Lectin binding observed with WGA, which has affinity for N-acetyl-D-glucosamine and sialylated structures, may indicate the presence of glycoproteins implicated in host–parasite interactions [17,32,55]. Although the ability of triatomines to synthesize sialic acid has been questioned, our results, in agreement with other studies, suggest that they do produce sialic acid [58,59,60,61]. Furthermore, in T. cruzi infection, only four common spots detected with PNA were observed in the RE samples, suggesting that the presence of the parasite alters the glycosylation pattern in this intestinal region [17]. These modifications could have implications for the stability and function of these molecules, favoring the interaction between parasite and transmitter. In other words, the individual glycosylation sites detected in the RE samples of both sexes could play a key role in the adhesion and colonization of T. cruzi, since the glycoproteins recognized by PNA could facilitate their attachment and establishment in the vector.
Lectin analysis also revealed significant differences between the sexes. Although both share glycoproteins required for AMG and RE function, changes in abundance and the occurrence of different components suggest specific adaptive responses to infection in both regions [31,32]. These changes could reflect sex-specific adaptive responses induced by the presence of the parasite and its possible role in insect adaptation, as well as specific biological functions [62]. In particular, the detection with PNA of unique components in the RE samples of females and males suggests that certain glycoproteins may play specific roles in sex-specific biology or in modulating the infection. However, given the observed differences between males and females in both infected and control groups, it is important to acknowledge that some of these differences may also arise from intrinsic physiological and anatomical distinctions between the sexes, independent of infection status. Therefore, interpretations regarding sex-specific infection responses must be made cautiously.
Previous studies have shown that the affinity of the lectins ConA, WGA, and PNA varies depending on the gut region and feeding conditions in M. pallidipennis. In fed insects, these lectins are most strongly recognized on the apical surface, basement membrane and cytoplasm of hindgut cells [61]. Similarly, in unfed fifth instar nymphs, a differential glycosylation profile was observed in the AMG and RE samples, related to key metabolic and structural functions [32]. Thus, different feeding conditions, and in our case infection, are modulating factors and determinants of glycoprotein expression in different regions of the triatomine gut.

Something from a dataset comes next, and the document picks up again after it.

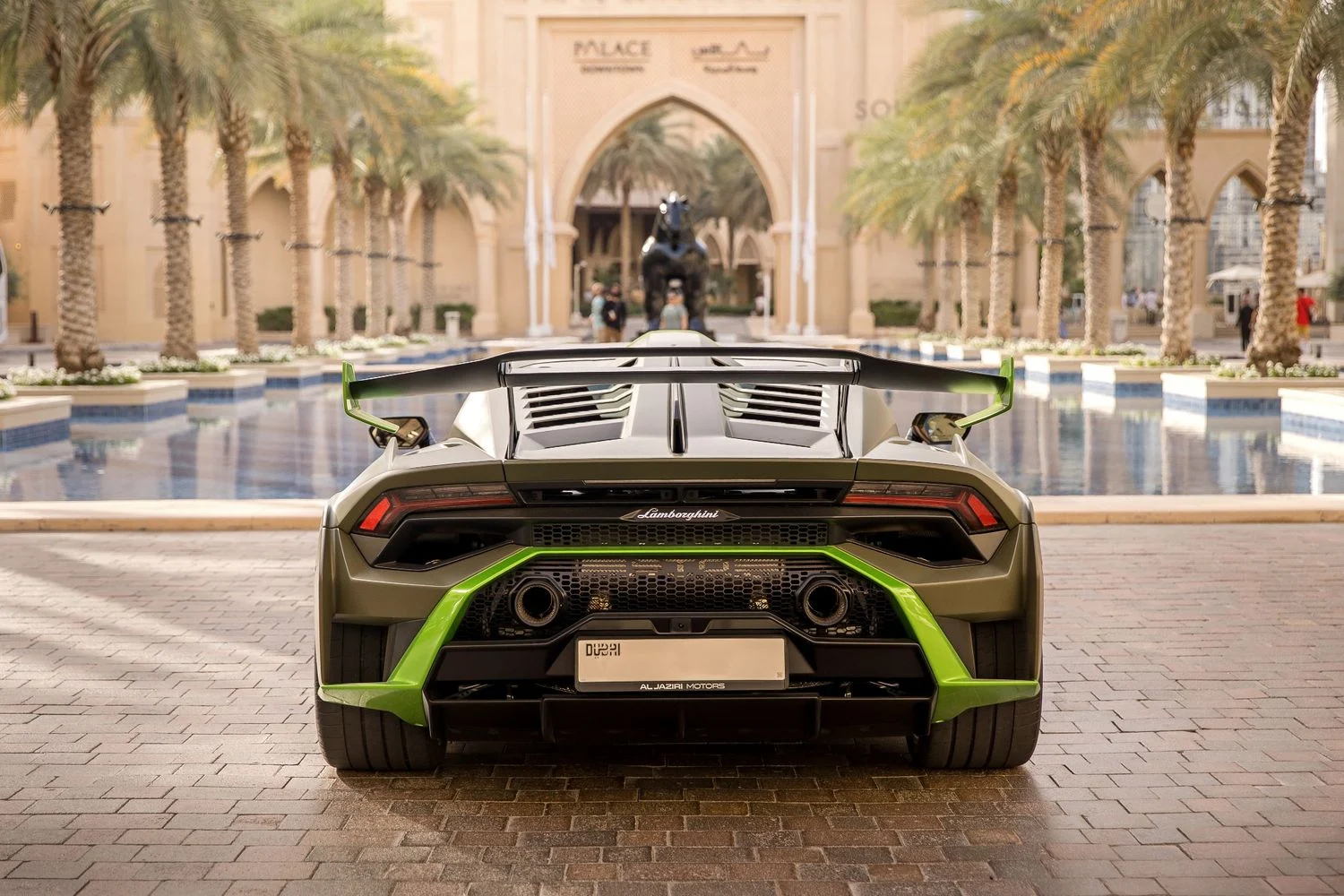 LAMBORGHINI HURACAN 2023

Evaluation of the proteomic map of the AMG and RE samples of female and male triatomines infected with T. cruzi revealed significant variability in the expression of proteins and glycoproteins, including isoforms of the same protein, highlighting the complexity of the biological and physiological responses induced by infection and their possible association with metacyclogenesis (differential gene expression in epimastigotes leading to the formation of metacyclic trypomastigotes). The proteomic map of the AMG samples of infected females showed a total of 112 spots, while that of infected males showed 123 spots. A study focused on the proteomic map of the AMG samples of M. pallidipennis found that T. cruzi infection resulted in a greater number of spots and intensity of their expression compared to uninfected insects [47]. On the other hand, in unfed fifth-instar nymphs, 82 points were identified in the AMG samples and 98 in the RE samples, which are significantly lower numbers than our results. However, it should be noted that this stage is smaller than adults and that, as in the study by Nava-Mirafuentes et al. [47], the individuals analyzed were not infected [32]. Unlike previous studies that focused on unfed nymphal stages or uninfected individuals, our approach provides new insight into how T. cruzi infection, in combination with adult sexual dimorphism, modulates the glycoprotein composition in distinct gut regions. To our knowledge, this is the first comparative analysis integrating sex, infection status, and region-specific glycoprotein profiling in M. pallidipennis. It is important to note that although mass spectrometry analyses were conducted to identify specific proteins, these efforts were limited by the lack of a reference database for M. pallidipennis. Currently, our group is actively working on genome sequencing and de novo data generation to address this limitation in future studies.
In contrast, the proteomic map of the RE samples in infected females showed 159 points, while that of infected males showed 127. This variability, attributed to the presence of the parasite, could also be influenced by sex-dependent physiological factors. These results suggest that the glycoproteins in the RE seem to play a key role in the differentiation of T. cruzi, since it expresses a greater number of proteins than the AMG, which could explain the differences in susceptibility to the parasite and in the efficiency of metacyclogenesis between males and females. Both sexes showed 54 and 31 common points in the AMG and RE samples, respectively, which could represent a basic set of proteins involved in essential functions of these regions, regardless of sex. For example, some of these common points in the RE may correspond to the activity of locustatachykinin I (LomTK I) and locustatachykinin II (LomTK II); both neuropeptides play a role in muscle contraction in the proctodeum of Rhodnius prolixus during the processing of digested blood and excretion of products [63], including infectious forms. The presence of allatostatin might also be expected, which, unlike locustatachykinin, inhibits in vitro muscle contraction in the intestine of R. prolixus, including the rectum [64].
Our lectin analysis indicates that females express a greater number and diversity of proteins and glycoproteins in the AMG and RE, suggesting a differential response to the parasite. However, these differences may also reflect inherent physiological variations between sexes. The marked sexual dimorphism observed in the RE points to a specialized role of this region in metacyclogenesis, potentially involving proteins that modulate susceptibility and facilitate the efficiency of the process. In this context, the elevated protein expression observed in infected females may contribute to a higher rate of metacyclogenesis compared to males, supporting biological and physiological adaptations that enhance T. cruzi development and transformation. To strengthen the functional validity of these findings and complement the proteomic analysis, we propose that future studies include competition assays and glycosidase treatments to confirm the specificity of the observed interactions.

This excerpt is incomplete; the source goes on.